Y luego están los truenos, que desgarran el cielo, que se parte de tanto estirarlo para sí cada nube. Como una costura gigantesca de una tela que nos cubre y que ignoramos hasta que cede. Sentimos cómo tiembla el suelo, sin la protección de la tela rasgada, y cómo nos embisten vientos que vienen de partes que jamás llegamos a pensar.
En estos momentos, llegados al tercer párrafo, a la exacta palabra 145, el lector acostumbrado a las pajas mentales de columnistas ilustres –y deslustrados como yo- querrá ver un símil. Una metáfora de mi realidad y de la realidad meteorológica. Y probablemente acierte, aunque no era mi intención. O quizás sí. O quizás sea más bien el tiempo, que contagia a mi vida, porque pensar al revés sería demasiado egocéntrico hasta para mí.
Sin embargo, me hubiera gustado escribir un artículo sobre el tiempo; situarnos al lector -¡pobre lector!- y a mí en un mismo ascensor imaginario e ir subiendo pisos a medida que bajamos líneas de texto. Me hubiera gustado por frívolo y porque suelo tener la irresistible tentación de hablar del tiempo en los ascensores.
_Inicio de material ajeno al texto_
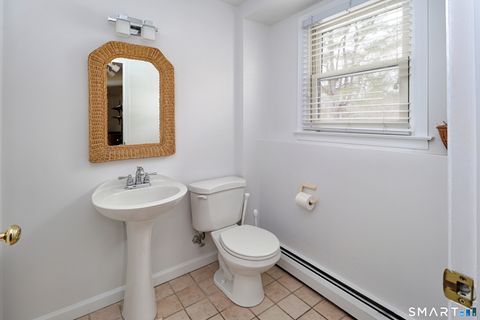 Tiny photo for Norwalk, CT 06851 (MLS # 24157509)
Y no vayan a creer que es por hacer más cómodo el viaje, sino por pura experimentación maquiavélica.
Me encanta comenzar con la frase: “Hay que ver cómo está el tiempo, ¿eh?”. De inmediato, mi sufrido interlocutor, movido por el consabido Código de protocolo ascensorista, recoge el lazo envenenado que le acabo de lanzar. “Sí, es increíble el frío que está haciendo”, por ejemplo. Entonces, en ese instante es cuando llega el momento en que me divierto: Diga lo que diga el pobre compañero de ascensor, contesto extrañado con una impresión diametralmente –qué tendrán que ver los diámetros- opuesta a la suya. En este caso, contestaría: “¿En serio? Pues yo hacía tiempo que no pasaba un invierno tan cálido”, dicho ello enfundado en un abrigo de paño y con la bufanda por los ojos.
Es aquí cuando llegamos al punto crítico del experimento, cuando la otra persona se descubrirá a sí misma y nos desvelará su rol social. Lo normal es que prevalezca el Código anteriormente citado y nuestra querida cobaya opte por la diplomacia –Qué pocas guerras habría si la OTAN se reuniese en un ascensor enorme-. “¿Sí? Ahm… Supongo que estaré algo destemplado”. No obstante, de vez en cuando, la gente saca algo de amor propio y confianza en ellos mismos y defiende su termostato: “Me parece que te has abrigado demasiado, porque hace un frío de cojones”. Obviamos que el termostato está, en efecto, en la parte aludida.
También, y en casos más reducidos, se dan ciertos individuos que muestran preocupación por su salud o la nuestra. Ellos son buena gente, personas que nos han tomado en serio y, dependiendo de quién tiene frío, no dudarán en advertir de una posible gripe. Cuando esto sucede, suele picarme la conciencia y río despreocupadamente, mientras me disculpo con un: “Sólo bromeaba, es cierto que hace mucho frío”. ¿Qué le voy a hacer si sólo me sale reírme de las personas que me disgustan?
Lo bueno de esta técnica es que no implica riesgos, porque generalmente nadie se va a enzarzar en una absurda discusión meteorológica. Y si se diera el caso, el viaje suele ser lo suficientemente breve –crucen los dedos ante posibles apagones- para que las puertas se abran y nos libren de argumentar nuestra absurda observación. No duden en practicar el experimento, eso sí, siempre con tacto y de buena fe.
Y llegados a este último párrafo, a la palabra exacta 661, el lector se ha librado de leer ese terrible y autocompasivo artículo en el que comparaba la eterna tormenta con algunos aspectos de mi existencia actual. Y se ha librado gracias a que la mente es caprichosa y a que de vez en cuando podemos recordar lo genial que es todo tras la lluvia. Y a la certeza de que algún día seremos capaces de bromear en un ascensor sobre aquella tormenta que no remitía. Tal vez con una bella mujer, que traerá más tormentas. Tormentas inevitables. Pues siempre he sido esclavo de mi sensibilidad estética.